§ Records supplied

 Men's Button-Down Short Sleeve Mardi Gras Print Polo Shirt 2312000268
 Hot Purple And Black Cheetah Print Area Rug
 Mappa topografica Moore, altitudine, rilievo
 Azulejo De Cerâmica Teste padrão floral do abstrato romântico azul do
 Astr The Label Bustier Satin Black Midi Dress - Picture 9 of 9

§ What the task requires
What number of lines in the data contain the word "Print"? Give the number and nothing else.

§ Response to this task
2